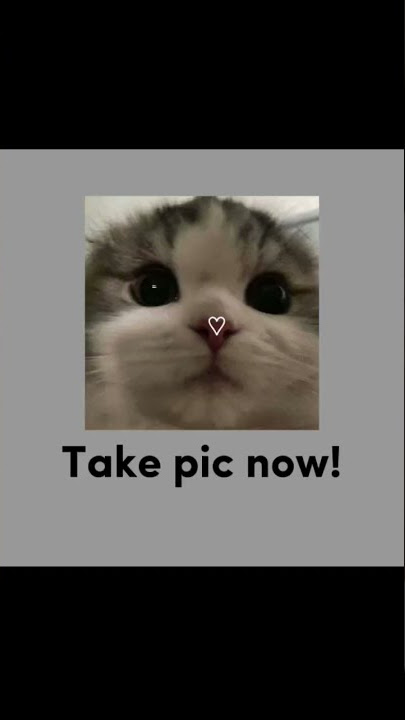 Adorable Cat Pfp For Your Discord etc 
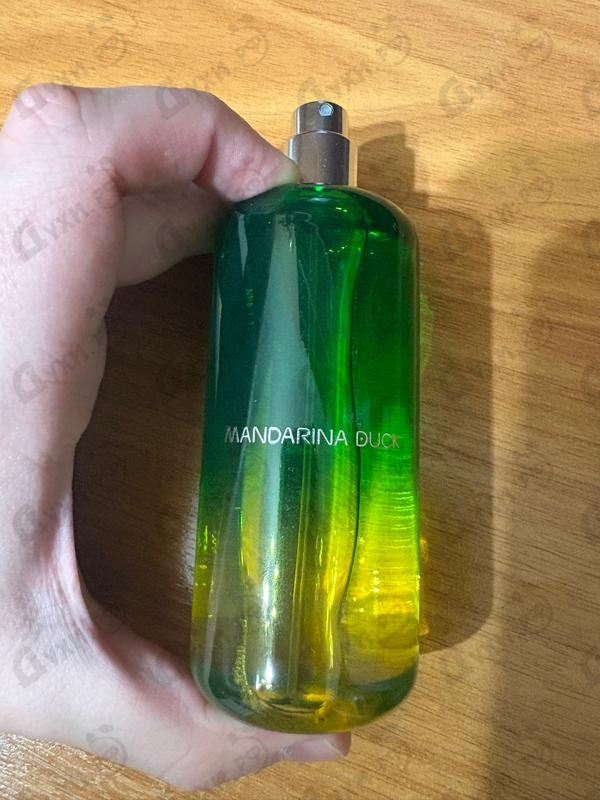 Купить Mandarina Duck The Mandariners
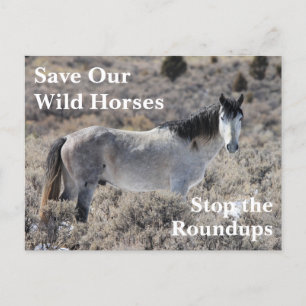 Save Our Wild Horses Postcard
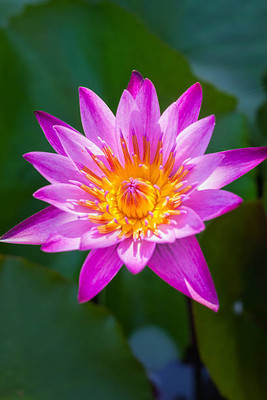 ErTh lotus,kamal gatta Seed(15 per packet)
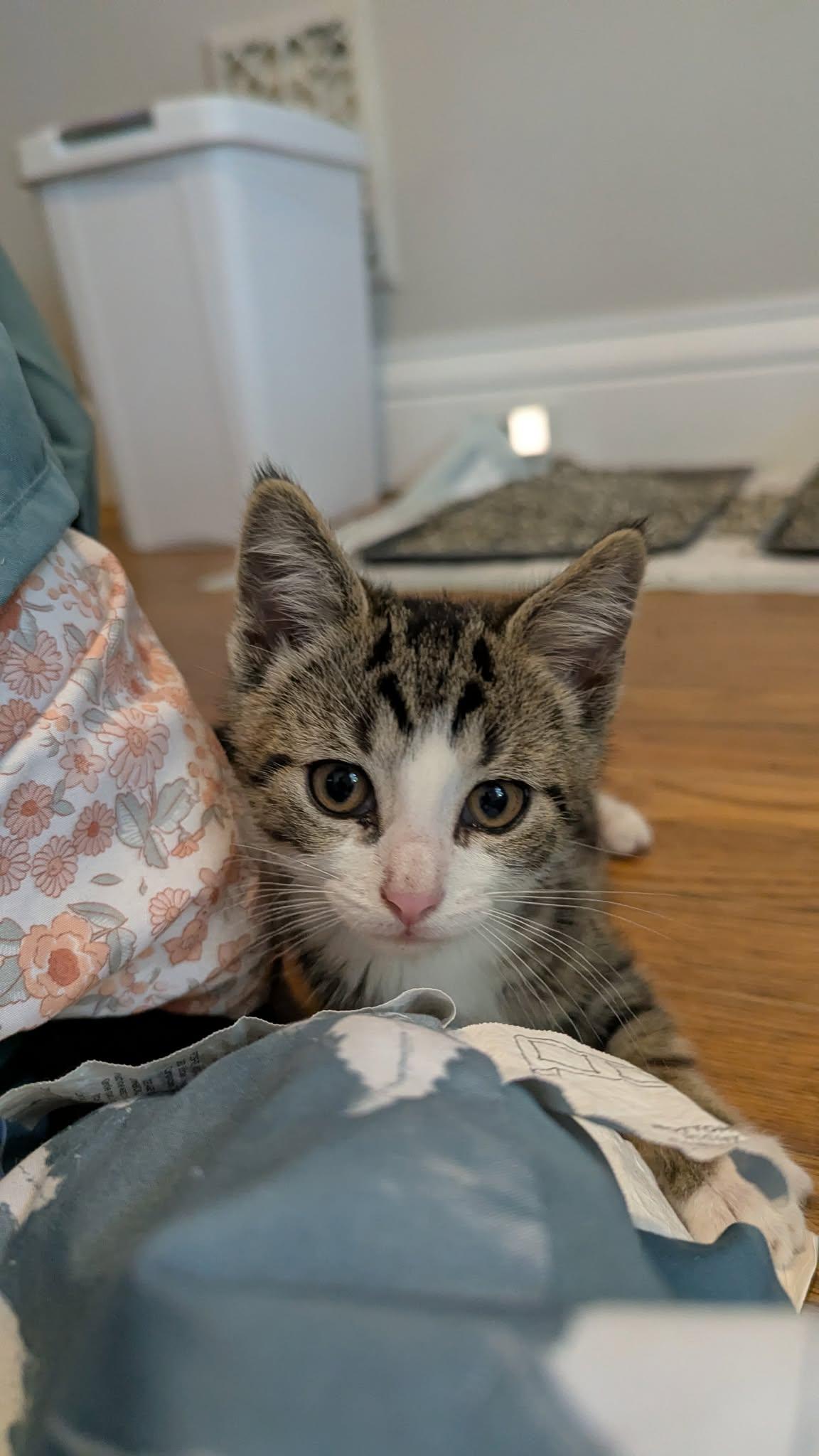 Enlarge Aster, a ADOPTABLE Domestic Short Hair in Rochester, NY image 3/5
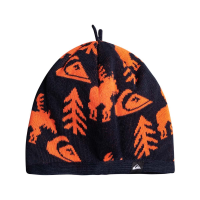 Quiksilver Cookie Beanie - Boy's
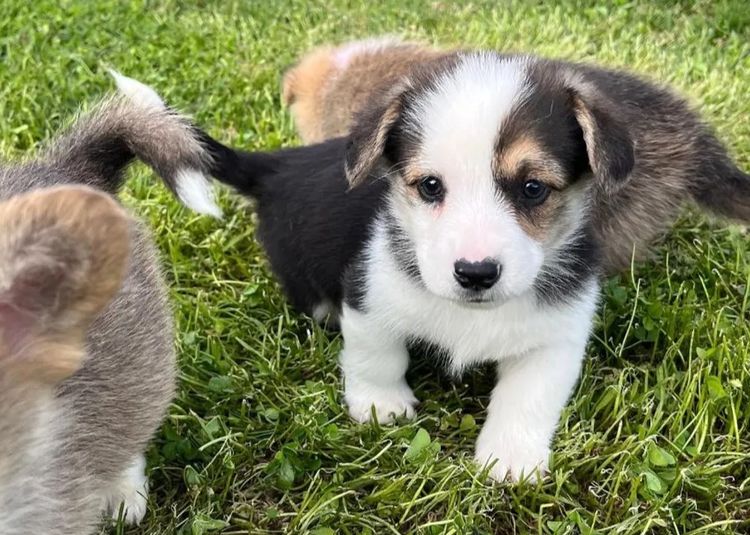 Wamphyri Pembroke Corgis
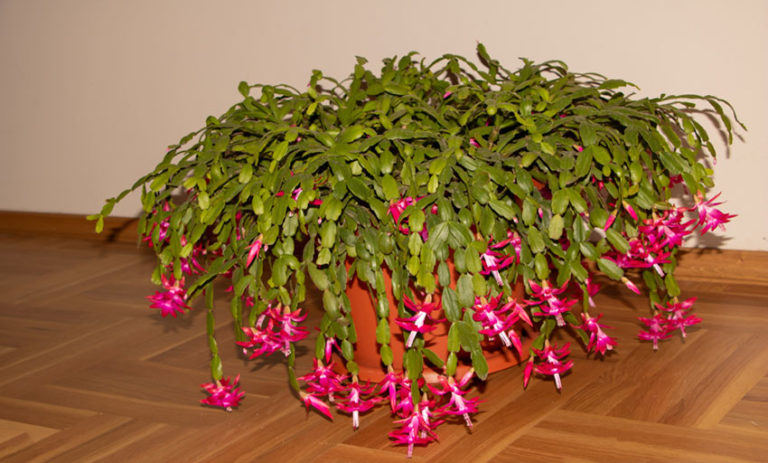 Christmas cactus yellow leaves Why Are My Christmas Cactus Leaves Turning Yellow? - Garden Lovers Club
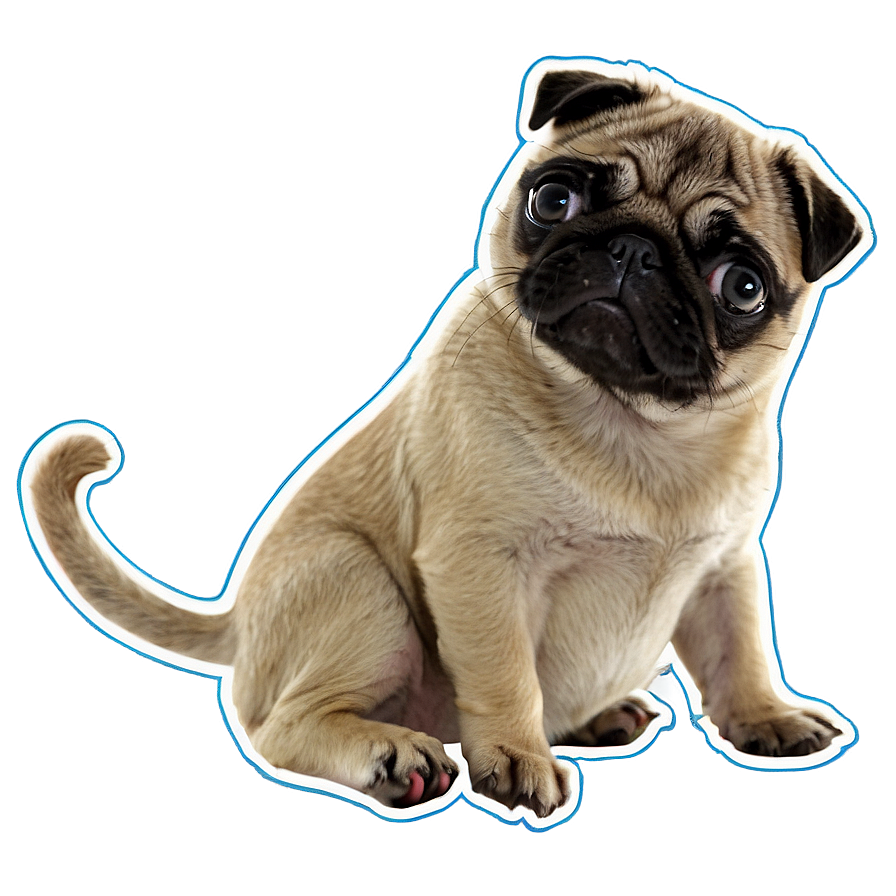 Pug With Kitten Png 05232024 PNG image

- [WORK INSTRUCTION]: Copy out every line above, word for word, minus images.

- [RESPONSE]:
 Adorable Cat Pfp For Your Discord etc 
 Купить Mandarina Duck The Mandariners
 Save Our Wild Horses Postcard
 ErTh lotus,kamal gatta Seed(15 per packet)
 Enlarge Aster, a ADOPTABLE Domestic Short Hair in Rochester, NY image 3/5
 Quiksilver Cookie Beanie - Boy's
 Wamphyri Pembroke Corgis
 Christmas cactus yellow leaves Why Are My Christmas Cactus Leaves Turning Yellow? - Garden Lovers Club
 Pug With Kitten Png 05232024 PNG image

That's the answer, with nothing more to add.